You can use the hydrogen peroxide either full-strength or diluted to half-strength (half water, half hydrogen peroxide). Since less is more, we recommend always starting with half-strength and adding more if necessary. Pour your hydrogen peroxide solution onto the stain and allow it to soak for 30 minutes. Launder on cool and air dry. If the stain remains, soak it for another 30 minutes in a stronger solution (more hydrogen peroxide).
Stain Removal Option #4 – Vinegar and Water
If hydrogen peroxide is too harsh for your colored fabric, another option that is usually safer for colors is a solution of vinegar and water.

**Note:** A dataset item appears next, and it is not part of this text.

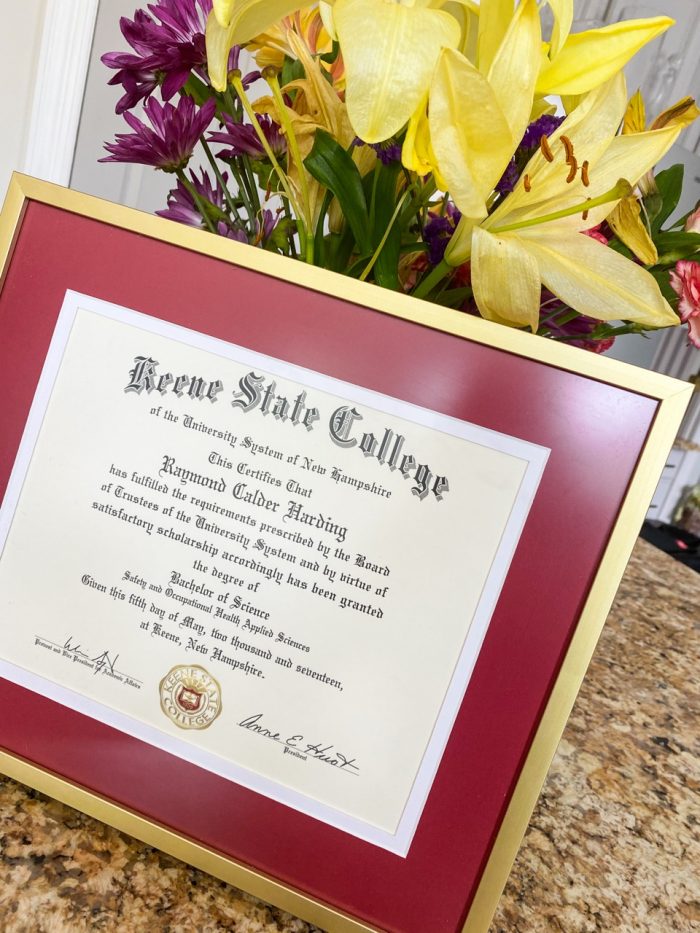 Simple framed diploma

Use 1 Tablespoon of white vinegar and a half-cup of water to clean out stubborn perspiration stains. Allow the affected area to soak for 20-30 minutes, and then launder on cool.
Stain Removal Option #5 – Cream of Tartar and Aspirin
If you just can’t get the stains out with detergent, hydrogen peroxide, or vinegar, make a paste to scrub in with your old toothbrush. The paste is formed with 1 Tablespoon of Cream of Tartar, 3 crushed aspirins (full-strength, ensure that they’re white and have no colored coating), and a cup of warm water. Use the old toothbrush to work the paste into the fabric, and then leave for 20 minutes. Rinse the affected area in warm water until the paste is removed. This treatment and rinse cycle can be repeated as necessary.
Perspiration stains can turn your favorite shirt into the one you reach for only when everything else is dirty. But this doesn’t have to happen. Reclaim your favorite shirts by removing perspiration stains without sweating much at all!